**EXERCISE PROMPT**
Begin your copy at the line holding "Snapshot of VanessaDoyle" and end it at the last line of the listing. Keep every line exact and leave out the pictures.

**PROVIDED INFORMATION**
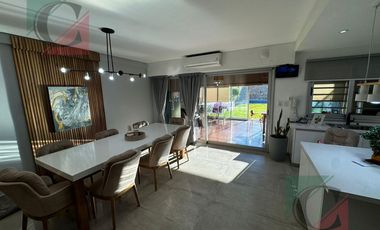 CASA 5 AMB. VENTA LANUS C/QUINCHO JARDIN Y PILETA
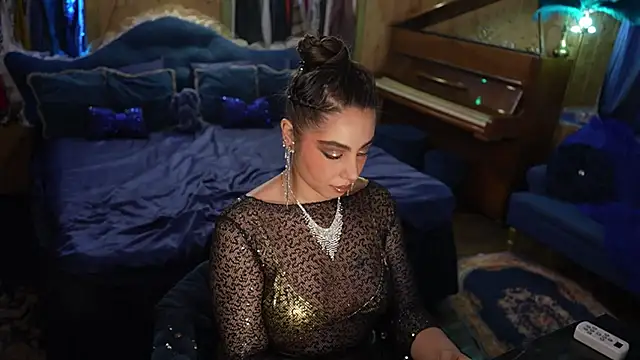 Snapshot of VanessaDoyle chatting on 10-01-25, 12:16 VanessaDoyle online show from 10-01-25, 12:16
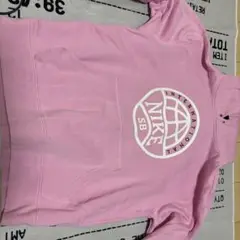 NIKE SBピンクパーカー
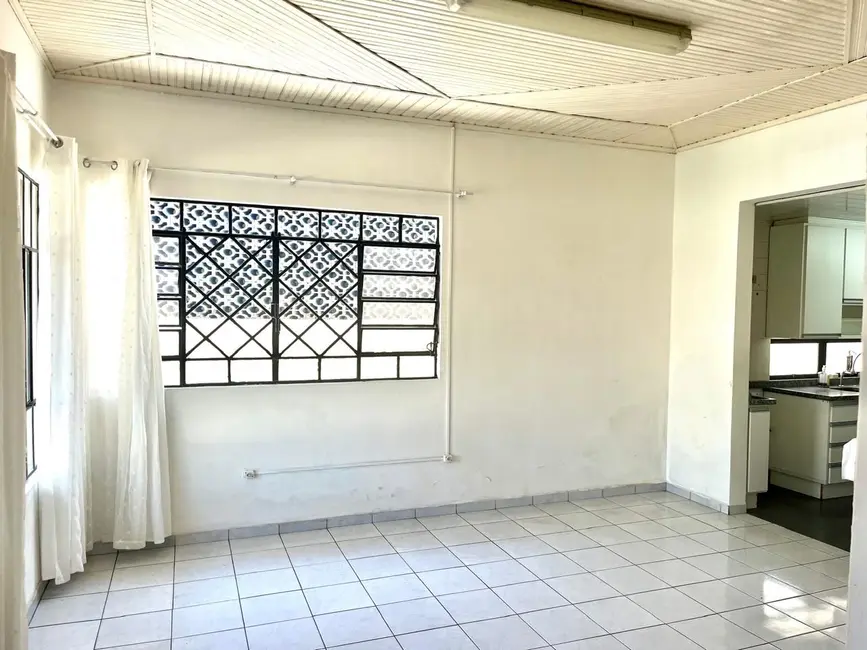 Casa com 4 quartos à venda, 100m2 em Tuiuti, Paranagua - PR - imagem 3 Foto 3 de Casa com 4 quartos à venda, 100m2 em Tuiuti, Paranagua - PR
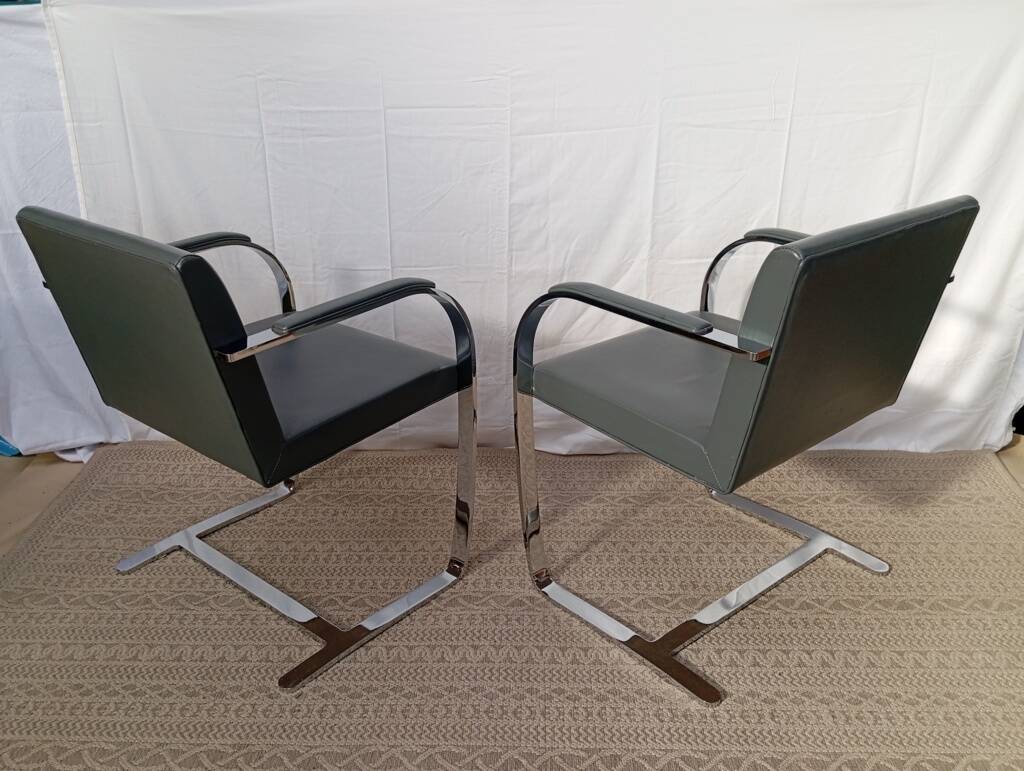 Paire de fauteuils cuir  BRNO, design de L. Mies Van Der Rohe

**TASK OUTPUT**
 Snapshot of VanessaDoyle chatting on 10-01-25, 12:16 VanessaDoyle online show from 10-01-25, 12:16
 NIKE SBピンクパーカー
 Casa com 4 quartos à venda, 100m2 em Tuiuti, Paranagua - PR - imagem 3 Foto 3 de Casa com 4 quartos à venda, 100m2 em Tuiuti, Paranagua - PR
 Paire de fauteuils cuir  BRNO, design de L. Mies Van Der Rohe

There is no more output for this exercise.